Logique et émotion ressortent immédiatement
de cet énoncé. Besson vient de résoudre
son premier problème, et par là-même de
donner un souffle à son œuvre. Léon s’appuie
sur des éléments secondaires et une relation
d’interdépendance se crée avec eux. Ces composantes
ont une excellente raison d’être partie intégrante
de l’univers du film, dans leurs propres proportions. Et chez
Léon, elles s’incarnent dans une plante, un jeu, un
parc… Chacune d’elles semble avoir une vie indépendante :
fausse piste. Car si elles peuvent n’apparaître que
comme des détails, elles prennent finalement toute
leur résonance, leur acoustique, leur sonorité
dans la synergie à laquelle elles concourent. Pendant
tout le film, la musique les réunis, elle est cette
sorte de "colle " qui assemble des morceaux
a priori disparates. Cela est possible parce qu’elle est tantôt
dédiée à un personnage, tantôt
support de l’action, parce qu’elle change de formes et de
rythmes, parce qu’elle est malléable et adaptable.
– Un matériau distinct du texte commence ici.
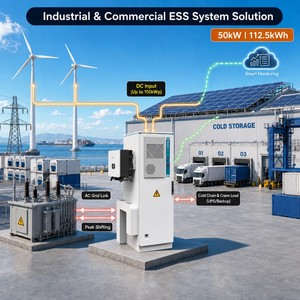Sistema de Almacenamiento de Energía Solar Híbrido Todo en Uno de 112.5kwh 50KW, IP54, Fuera de la Red, con Batería de Litio e Inversor para Uso Comercial e Industrial - Product Image 6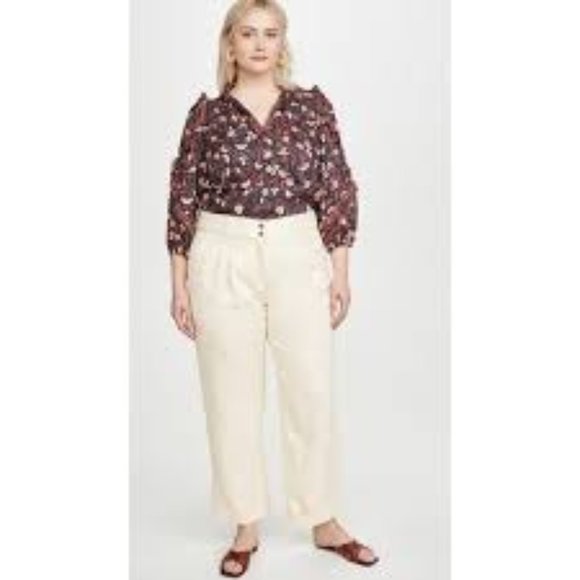 Mara Hoffman Womens Linen Wide Leg Liv Pants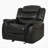 Classic Design Recliner, Black Berry PU Upholstery Recliner, Glider Recliner(Old SKU:57412.00BLK)
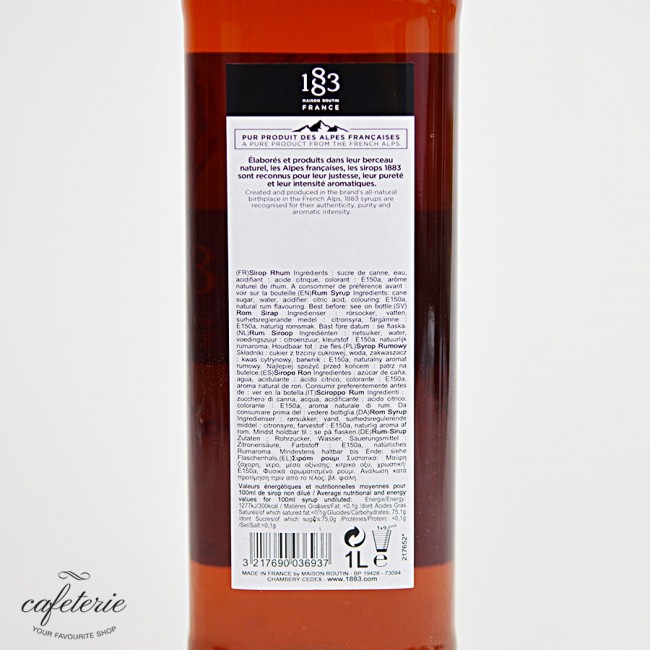 Sirop 1883 Caribbean (Rom), 1L Sirop 1883 Caribbean (Rom), 1L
Besson s’appuie sur tous ces effets libres et séparés
en surface, mais qui convergent à la fin du film dans
la même émotion. C’est sans doute ce qui procure
le sentiment que rien n’est gratuit dans la façon dont
il termine Léon. L’histoire existe en elle-même,
dans son univers cinématographique, indépendamment
du monde extérieur. La fin ne détonne pas du
reste, dans la mesure où elle prend place à
l’intérieur de cet univers, logiquement et émotionellement
proportionné. La musique, omniprésente et très
forte à la fin, n’est qu’amplificatrice de cet univers
et de l’impasse dans laquelle se trouve le héros.